* [Directions for this task]: No pictures, nothing altered: return the data below.

* [Records for the exercise]:
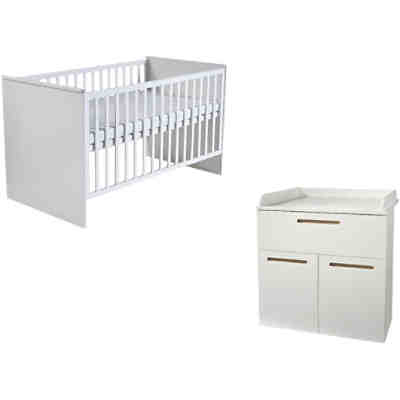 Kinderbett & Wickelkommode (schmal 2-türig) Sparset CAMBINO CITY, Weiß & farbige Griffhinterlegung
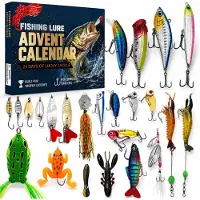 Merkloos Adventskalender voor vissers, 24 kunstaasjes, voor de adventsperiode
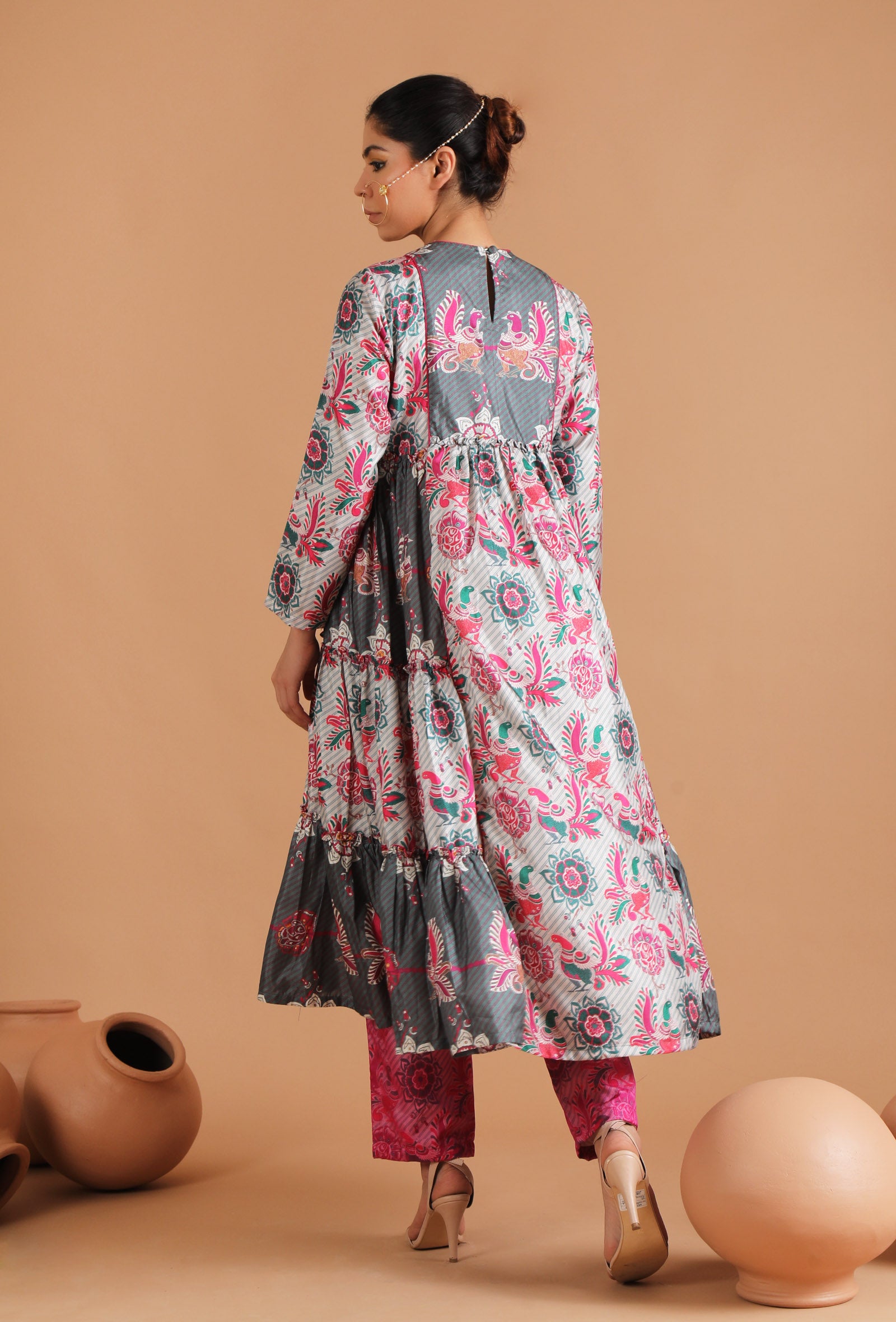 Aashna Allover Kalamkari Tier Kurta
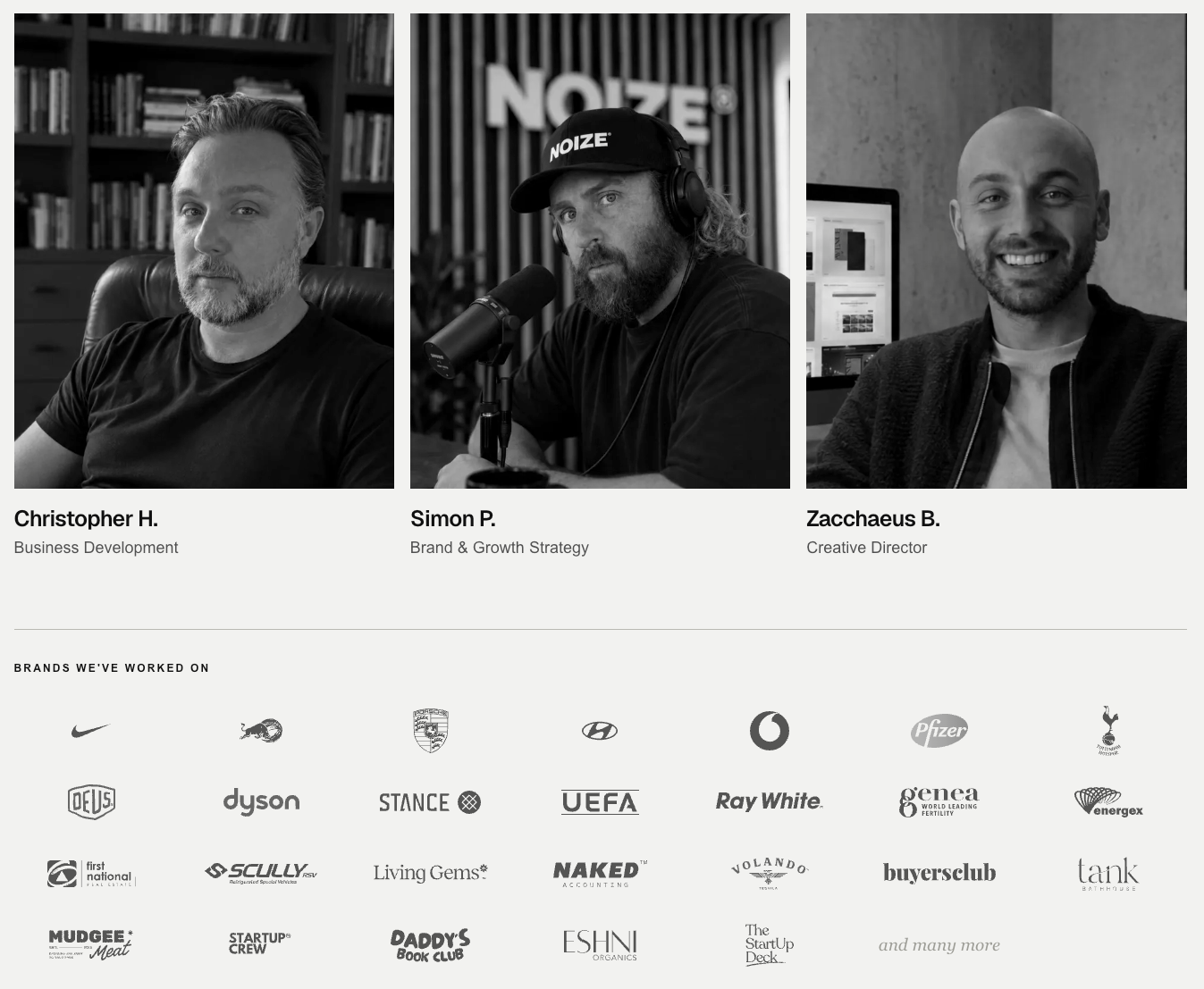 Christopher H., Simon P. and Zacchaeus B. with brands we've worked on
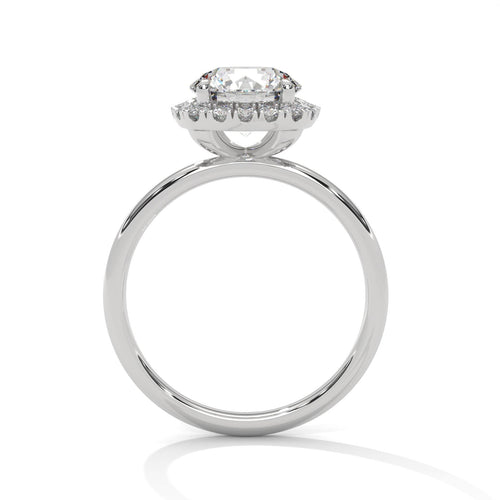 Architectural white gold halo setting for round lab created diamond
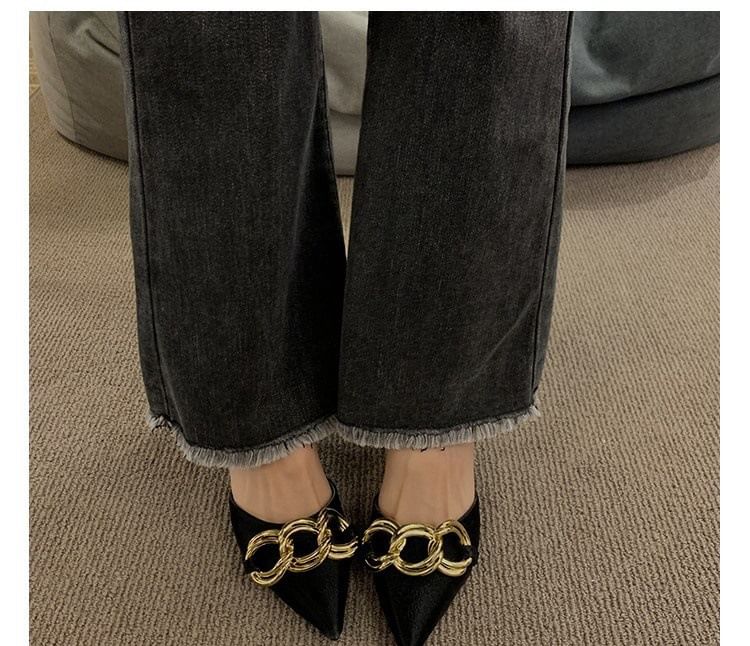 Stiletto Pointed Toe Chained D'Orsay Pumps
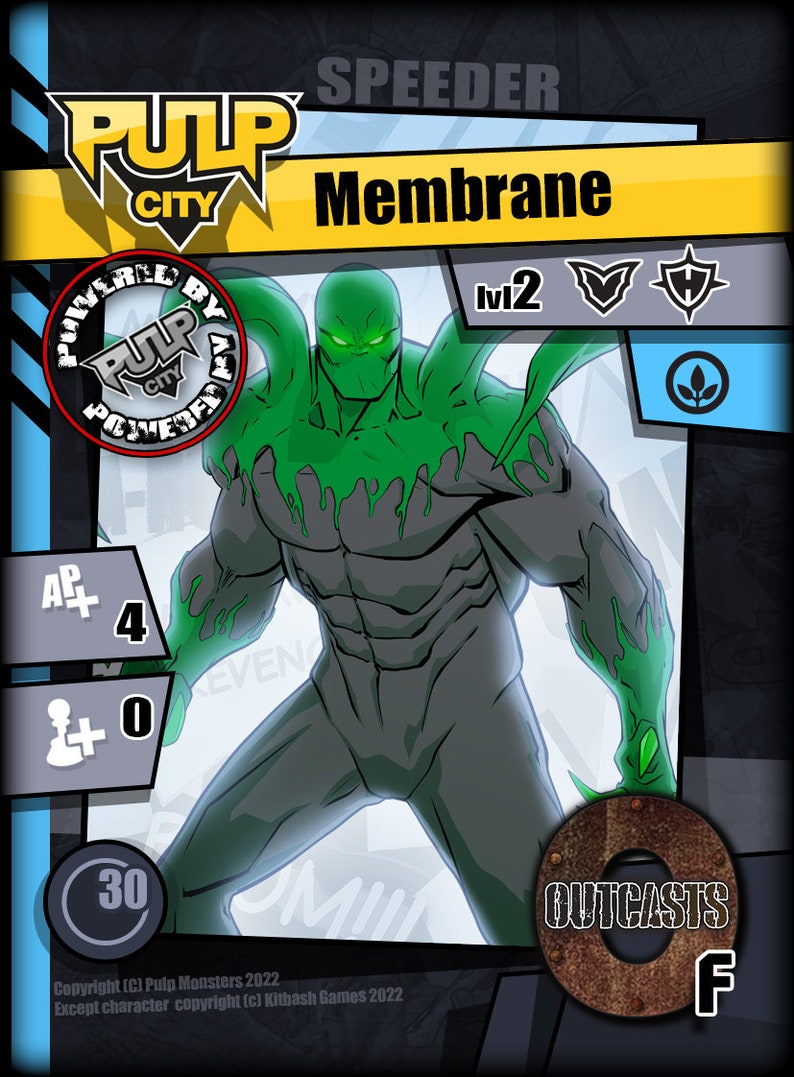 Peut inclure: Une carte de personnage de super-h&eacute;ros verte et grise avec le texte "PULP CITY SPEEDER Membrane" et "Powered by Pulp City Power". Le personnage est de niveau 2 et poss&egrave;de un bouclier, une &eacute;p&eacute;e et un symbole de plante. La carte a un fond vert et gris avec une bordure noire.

* [Written answer]:
 Kinderbett & Wickelkommode (schmal 2-türig) Sparset CAMBINO CITY, Weiß & farbige Griffhinterlegung
 Merkloos Adventskalender voor vissers, 24 kunstaasjes, voor de adventsperiode
 Aashna Allover Kalamkari Tier Kurta
 Christopher H., Simon P. and Zacchaeus B. with brands we've worked on
 Architectural white gold halo setting for round lab created diamond
 Stiletto Pointed Toe Chained D'Orsay Pumps
 Peut inclure: Une carte de personnage de super-h&eacute;ros verte et grise avec le texte "PULP CITY SPEEDER Membrane" et "Powered by Pulp City Power". Le personnage est de niveau 2 et poss&egrave;de un bouclier, une &eacute;p&eacute;e et un symbole de plante. La carte a un fond vert et gris avec une bordure noire.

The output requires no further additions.